• _MATERIAL SUPPLIED_:
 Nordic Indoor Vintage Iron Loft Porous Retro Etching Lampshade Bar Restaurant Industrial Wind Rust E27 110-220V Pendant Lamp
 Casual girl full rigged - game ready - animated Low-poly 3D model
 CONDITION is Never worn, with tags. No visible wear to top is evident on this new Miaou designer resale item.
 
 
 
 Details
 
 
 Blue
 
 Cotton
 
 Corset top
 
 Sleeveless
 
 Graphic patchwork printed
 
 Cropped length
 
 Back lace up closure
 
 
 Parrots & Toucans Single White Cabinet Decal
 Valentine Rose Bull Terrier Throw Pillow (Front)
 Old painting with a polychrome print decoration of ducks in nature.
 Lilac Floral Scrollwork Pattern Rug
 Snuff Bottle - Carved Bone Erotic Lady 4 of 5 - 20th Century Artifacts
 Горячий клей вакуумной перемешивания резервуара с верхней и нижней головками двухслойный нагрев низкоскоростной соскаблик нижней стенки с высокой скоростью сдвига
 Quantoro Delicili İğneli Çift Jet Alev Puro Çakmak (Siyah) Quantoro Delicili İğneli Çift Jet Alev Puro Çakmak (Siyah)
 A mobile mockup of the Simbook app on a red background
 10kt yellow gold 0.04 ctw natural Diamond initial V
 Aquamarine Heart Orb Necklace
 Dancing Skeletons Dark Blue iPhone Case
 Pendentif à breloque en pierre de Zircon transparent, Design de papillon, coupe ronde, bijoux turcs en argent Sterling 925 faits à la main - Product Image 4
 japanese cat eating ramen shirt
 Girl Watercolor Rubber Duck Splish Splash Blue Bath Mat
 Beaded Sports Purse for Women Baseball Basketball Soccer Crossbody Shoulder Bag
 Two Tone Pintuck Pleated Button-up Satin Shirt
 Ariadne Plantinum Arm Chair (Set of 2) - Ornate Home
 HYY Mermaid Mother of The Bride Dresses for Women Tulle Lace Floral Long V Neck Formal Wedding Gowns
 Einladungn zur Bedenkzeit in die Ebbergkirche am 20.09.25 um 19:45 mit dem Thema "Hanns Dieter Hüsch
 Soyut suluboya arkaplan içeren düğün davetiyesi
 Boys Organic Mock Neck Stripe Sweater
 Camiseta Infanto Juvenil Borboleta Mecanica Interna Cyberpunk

• _PROBLEM DESCRIPTION_: For this task, retype the material exactly, line for line.

• _EXERCISE SOLUTION_:
 Nordic Indoor Vintage Iron Loft Porous Retro Etching Lampshade Bar Restaurant Industrial Wind Rust E27 110-220V Pendant Lamp
 Casual girl full rigged - game ready - animated Low-poly 3D model
 CONDITION is Never worn, with tags. No visible wear to top is evident on this new Miaou designer resale item.
 
 
 
 Details
 
 
 Blue
 
 Cotton
 
 Corset top
 
 Sleeveless
 
 Graphic patchwork printed
 
 Cropped length
 
 Back lace up closure
 
 
 Parrots & Toucans Single White Cabinet Decal
 Valentine Rose Bull Terrier Throw Pillow (Front)
 Old painting with a polychrome print decoration of ducks in nature.
 Lilac Floral Scrollwork Pattern Rug
 Snuff Bottle - Carved Bone Erotic Lady 4 of 5 - 20th Century Artifacts
 Горячий клей вакуумной перемешивания резервуара с верхней и нижней головками двухслойный нагрев низкоскоростной соскаблик нижней стенки с высокой скоростью сдвига
 Quantoro Delicili İğneli Çift Jet Alev Puro Çakmak (Siyah) Quantoro Delicili İğneli Çift Jet Alev Puro Çakmak (Siyah)
 A mobile mockup of the Simbook app on a red background
 10kt yellow gold 0.04 ctw natural Diamond initial V
 Aquamarine Heart Orb Necklace
 Dancing Skeletons Dark Blue iPhone Case
 Pendentif à breloque en pierre de Zircon transparent, Design de papillon, coupe ronde, bijoux turcs en argent Sterling 925 faits à la main - Product Image 4
 japanese cat eating ramen shirt
 Girl Watercolor Rubber Duck Splish Splash Blue Bath Mat
 Beaded Sports Purse for Women Baseball Basketball Soccer Crossbody Shoulder Bag
 Two Tone Pintuck Pleated Button-up Satin Shirt
 Ariadne Plantinum Arm Chair (Set of 2) - Ornate Home
 HYY Mermaid Mother of The Bride Dresses for Women Tulle Lace Floral Long V Neck Formal Wedding Gowns
 Einladungn zur Bedenkzeit in die Ebbergkirche am 20.09.25 um 19:45 mit dem Thema "Hanns Dieter Hüsch
 Soyut suluboya arkaplan içeren düğün davetiyesi
 Boys Organic Mock Neck Stripe Sweater
 Camiseta Infanto Juvenil Borboleta Mecanica Interna Cyberpunk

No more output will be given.